Looking in links: https://download.pytorch.org/whl/nightly/cu92/torch_nightly.html


In [0]:
# import libraries
import fastai
from fastai import *
from fastai.text import * 
import pandas as pd
import numpy as np
from functools import partial
import io
import os

In [0]:
from sklearn.datasets import fetch_20newsgroups
dataset = fetch_20newsgroups(shuffle=True, random_state=1, remove=('headers', 'footers', 'quotes'))
documents = dataset.data

We create a dataframe consisting of the text documents and their corresponding labels (newsgroup names).

In [0]:
df = pd.DataFrame({'label':dataset.target, 'text':dataset.data})

In [25]:
df.shape

(11314, 2)

We’ll convert this into a binary classification problem by selecting only 2 out of the 20 labels present in the dataset. We will select labels 1 and 10 which correspond to ‘comp.graphics’ and ‘rec.sport.hockey’, respectively.

In [0]:
df = df[df['label'].isin([1,10])]
df = df.reset_index(drop = True)

In [27]:
# Let’s preview the target distribution.
df['label'].value_counts()

10    600
1     584
Name: label, dtype: int64

**The distribution looks pretty even. Accuracy would be a good evaluation metric to use in this case!**

# Data Preprocessing

It’s always a good practice to feed clean data to your models, especially when the data comes in the form of unstructured text. Let’s clean our text by retaining only alphabets and removing everything else.

In [0]:
df['text'] = df['text'].str.replace("[^a-zA-Z]", " ")

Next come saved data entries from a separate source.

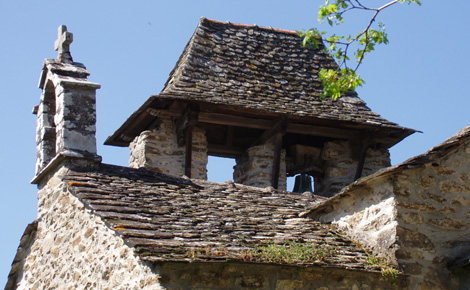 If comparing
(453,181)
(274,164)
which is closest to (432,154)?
(453,181)

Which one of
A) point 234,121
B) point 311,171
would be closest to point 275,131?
point 234,121

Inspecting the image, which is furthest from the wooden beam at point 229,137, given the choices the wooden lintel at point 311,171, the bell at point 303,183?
the bell at point 303,183

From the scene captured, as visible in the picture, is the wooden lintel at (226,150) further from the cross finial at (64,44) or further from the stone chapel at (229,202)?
the cross finial at (64,44)

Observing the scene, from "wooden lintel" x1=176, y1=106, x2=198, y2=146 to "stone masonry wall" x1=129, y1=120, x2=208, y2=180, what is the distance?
15 centimetres

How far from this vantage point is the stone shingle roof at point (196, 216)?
23.2ft

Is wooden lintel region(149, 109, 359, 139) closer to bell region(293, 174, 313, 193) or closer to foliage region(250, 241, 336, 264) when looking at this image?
bell region(293, 174, 313, 193)

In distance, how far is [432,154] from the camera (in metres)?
8.09

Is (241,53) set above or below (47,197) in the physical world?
above

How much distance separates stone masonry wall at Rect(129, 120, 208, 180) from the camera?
470 inches

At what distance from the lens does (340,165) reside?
12.6 metres

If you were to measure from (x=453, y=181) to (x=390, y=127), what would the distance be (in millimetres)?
4581

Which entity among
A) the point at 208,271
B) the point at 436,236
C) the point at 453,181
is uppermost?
the point at 453,181

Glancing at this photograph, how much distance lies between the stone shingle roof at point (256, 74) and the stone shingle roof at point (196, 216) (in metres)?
2.84

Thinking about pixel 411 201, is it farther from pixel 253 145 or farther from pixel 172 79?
pixel 172 79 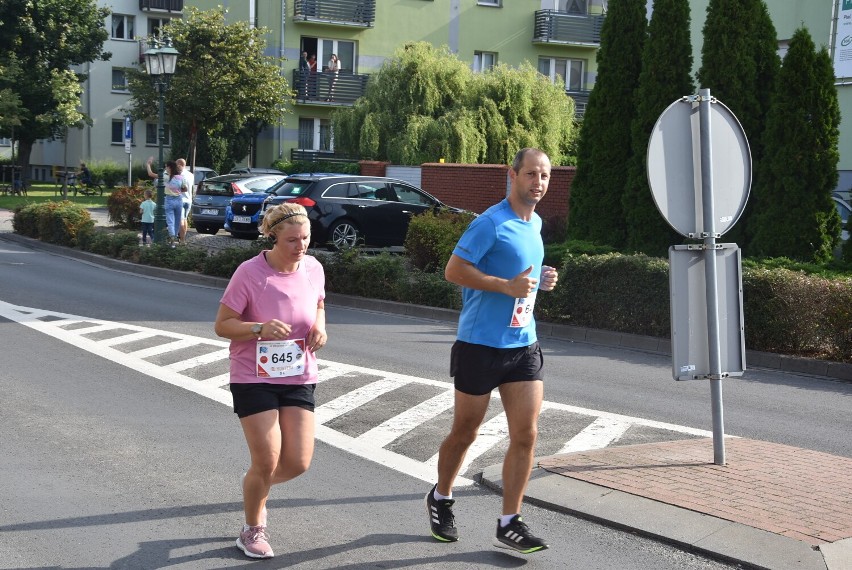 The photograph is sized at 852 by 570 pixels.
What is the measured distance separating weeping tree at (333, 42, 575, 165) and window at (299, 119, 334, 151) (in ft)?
23.6

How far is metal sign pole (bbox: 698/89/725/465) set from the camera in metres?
6.85

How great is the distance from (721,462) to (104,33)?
5332 cm

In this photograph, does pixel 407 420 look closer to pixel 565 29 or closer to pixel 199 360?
pixel 199 360

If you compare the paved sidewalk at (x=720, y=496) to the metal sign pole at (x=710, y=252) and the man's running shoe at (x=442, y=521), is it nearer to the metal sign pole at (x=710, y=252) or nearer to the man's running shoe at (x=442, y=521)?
the metal sign pole at (x=710, y=252)

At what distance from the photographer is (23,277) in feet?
63.7

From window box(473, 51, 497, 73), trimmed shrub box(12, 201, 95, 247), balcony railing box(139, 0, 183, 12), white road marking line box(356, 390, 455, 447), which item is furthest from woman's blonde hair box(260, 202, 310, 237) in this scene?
balcony railing box(139, 0, 183, 12)

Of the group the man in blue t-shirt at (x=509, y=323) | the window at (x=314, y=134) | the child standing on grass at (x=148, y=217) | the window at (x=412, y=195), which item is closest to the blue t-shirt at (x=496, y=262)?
the man in blue t-shirt at (x=509, y=323)

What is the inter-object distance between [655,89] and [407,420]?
11.4 meters

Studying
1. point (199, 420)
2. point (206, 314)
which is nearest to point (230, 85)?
point (206, 314)

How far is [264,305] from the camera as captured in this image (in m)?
5.25

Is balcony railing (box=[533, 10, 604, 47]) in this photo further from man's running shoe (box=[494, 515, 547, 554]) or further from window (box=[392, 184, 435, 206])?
man's running shoe (box=[494, 515, 547, 554])

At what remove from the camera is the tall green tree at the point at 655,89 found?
60.4ft

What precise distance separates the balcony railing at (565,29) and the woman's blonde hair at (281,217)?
44559mm

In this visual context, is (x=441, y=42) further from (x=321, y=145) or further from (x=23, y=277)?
(x=23, y=277) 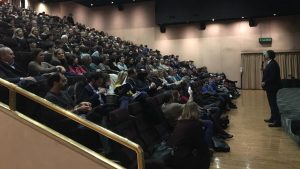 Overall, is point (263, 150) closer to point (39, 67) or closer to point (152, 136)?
point (152, 136)

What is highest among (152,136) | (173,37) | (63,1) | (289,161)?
(63,1)

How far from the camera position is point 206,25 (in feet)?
45.3

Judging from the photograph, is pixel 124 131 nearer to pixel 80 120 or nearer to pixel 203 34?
pixel 80 120

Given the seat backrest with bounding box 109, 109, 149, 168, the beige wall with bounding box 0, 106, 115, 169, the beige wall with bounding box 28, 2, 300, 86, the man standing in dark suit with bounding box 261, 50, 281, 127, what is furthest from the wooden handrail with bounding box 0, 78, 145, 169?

Now, we will get rid of the stopwords from our text data. If you have never used stopwords before, then you will have to download them from the nltk package as I’ve shown below:

In [29]:
import nltk
nltk.download('stopwords')

from nltk.corpus import stopwords 
stop_words = stopwords.words('english')

[nltk_data] Downloading package stopwords to /root/nltk_data...
[nltk_data]   Package stopwords is already up-to-date!


In [0]:
# tokenization 
tokenized_doc = df['text'].apply(lambda x: x.split())

# remove stop-words 
tokenized_doc = tokenized_doc.apply(lambda x: [item for item in x if item not in stop_words])

# de-tokenization 
detokenized_doc = [] 
for i in range(len(df)): 
    t = ' '.join(tokenized_doc[i]) 
    detokenized_doc.append(t) 

df['text'] = detokenized_doc

We'll split our cleaned dataset into training and validation sets in a 60:40 ratio.

In [0]:
from sklearn.model_selection import train_test_split

# Split data into training and validation set
df_trn, df_val = train_test_split(df, stratify = df['label'], test_size = 0.4, random_state = 12)

In [32]:
df_trn.shape, df_val.shape

((710, 2), (474, 2))

Before proceeding further, we’ll need to prepare our data for the language model and for the classification model separately. The good news? This can be done quite easily using the fastai library:

In [0]:
# Language model data
data_lm = TextLMDataBunch.from_df(train_df = df_trn, valid_df = df_val, path = "")

# Classifier model data
data_clas = TextClasDataBunch.from_df(path = "", train_df = df_trn, valid_df = df_val, vocab=data_lm.train_ds.vocab, bs=32)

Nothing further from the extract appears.